# EXERCISE BRIEF
Restate word for word the lines between the start of the material and the line with "A large slewing", keeping both of those ends and none of the pictures.

# RECORDED DATA
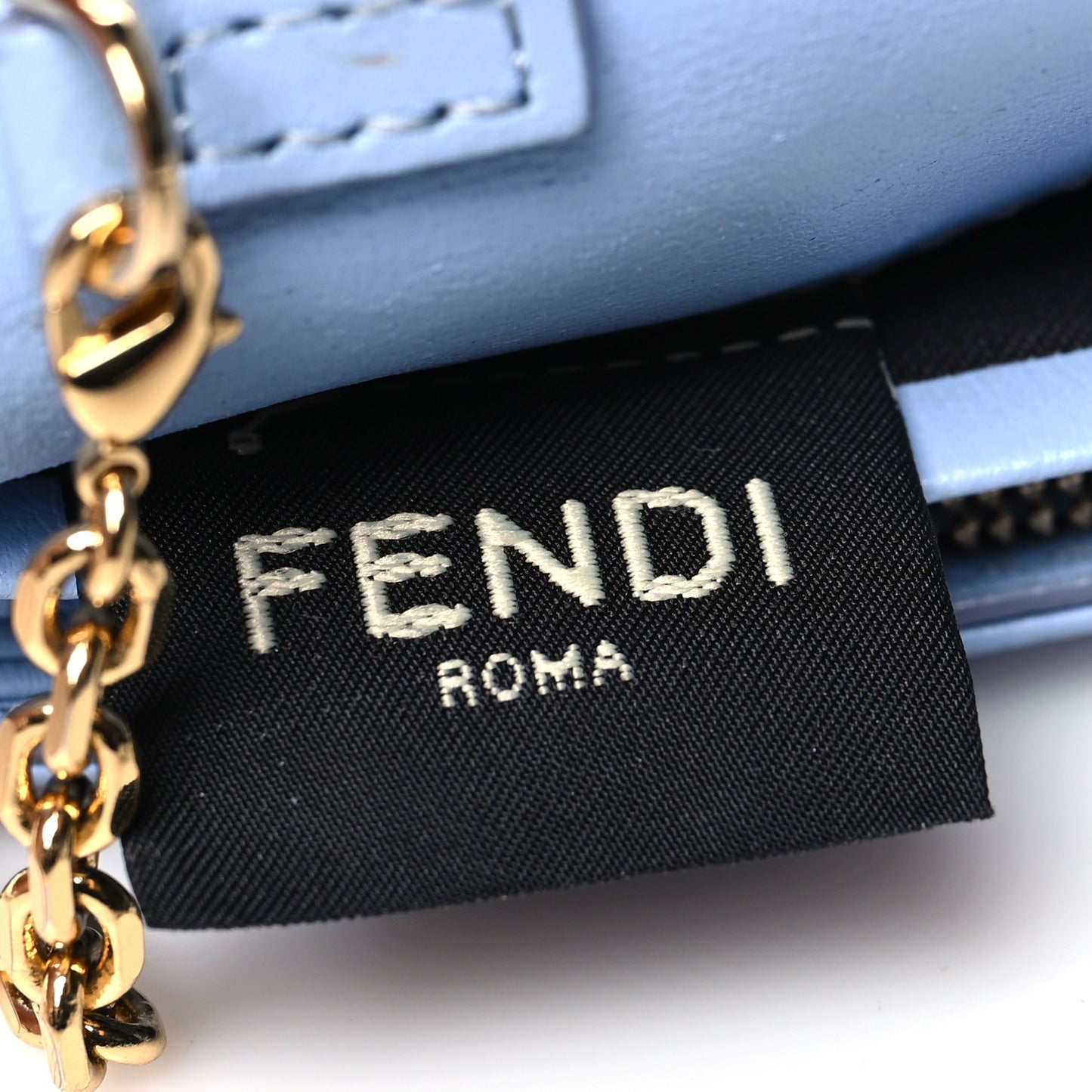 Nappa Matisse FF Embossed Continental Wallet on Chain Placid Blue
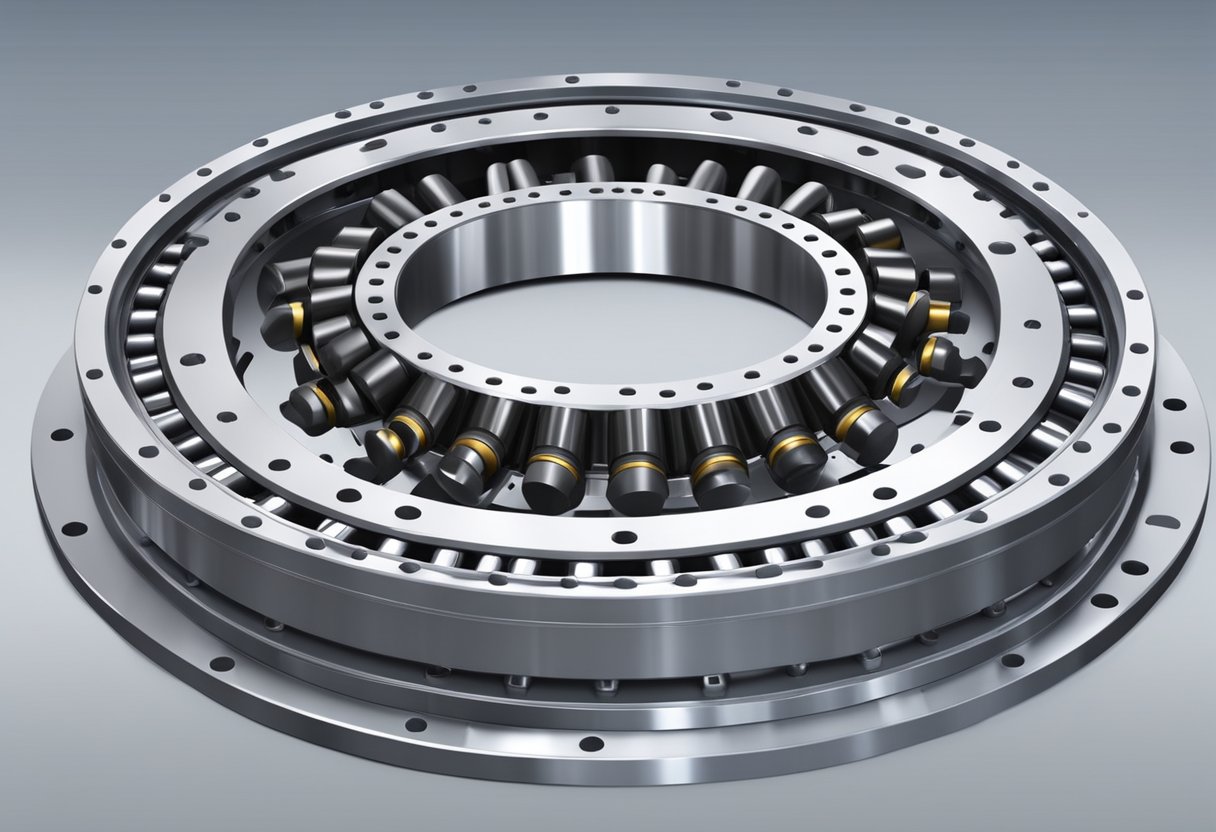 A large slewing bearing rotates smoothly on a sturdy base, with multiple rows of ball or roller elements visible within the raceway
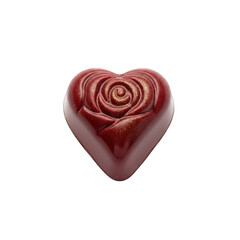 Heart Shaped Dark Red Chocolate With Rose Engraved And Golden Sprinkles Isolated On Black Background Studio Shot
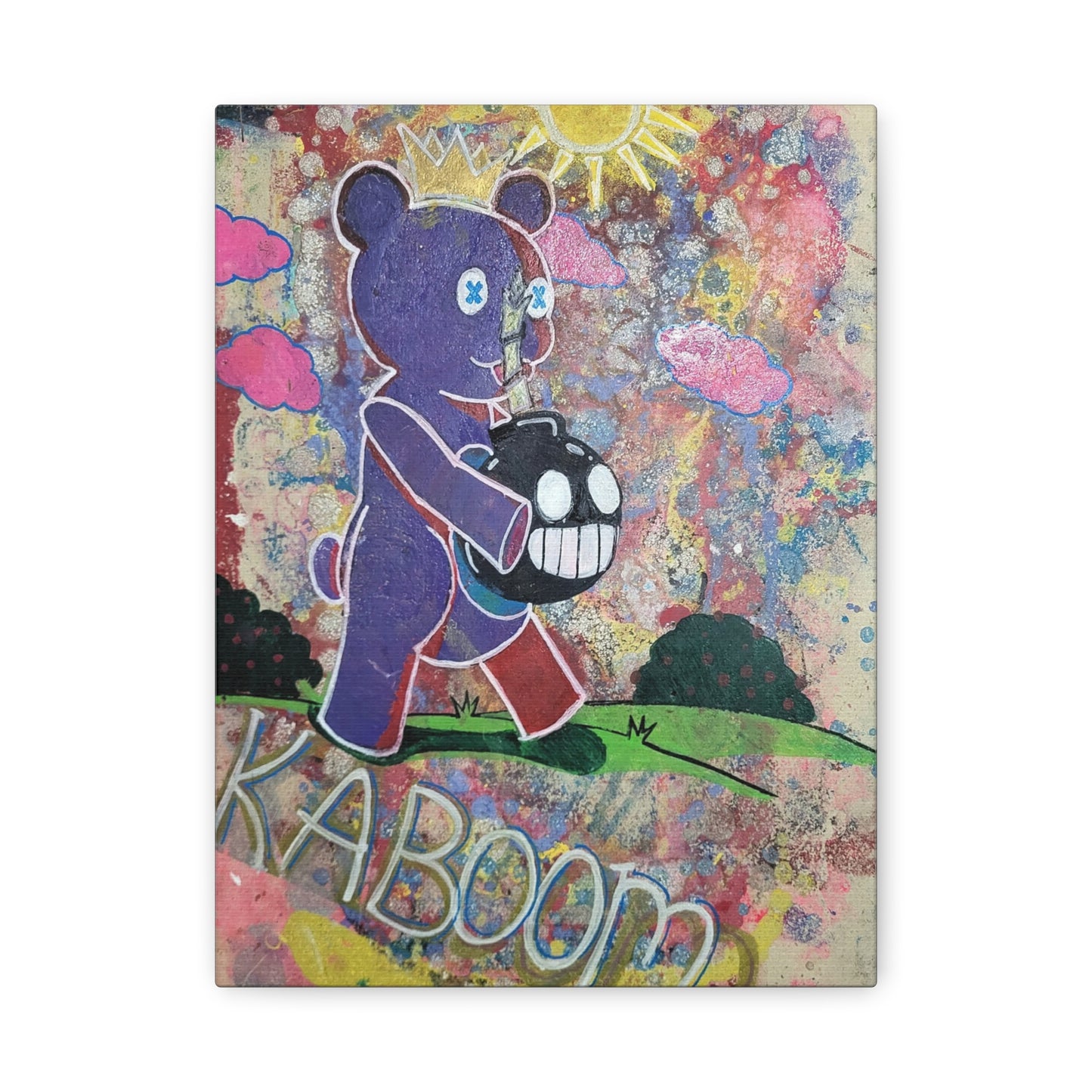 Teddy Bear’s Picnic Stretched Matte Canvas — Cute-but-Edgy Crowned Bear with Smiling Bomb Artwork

# ANSWER
 Nappa Matisse FF Embossed Continental Wallet on Chain Placid Blue
 A large slewing bearing rotates smoothly on a sturdy base, with multiple rows of ball or roller elements visible within the raceway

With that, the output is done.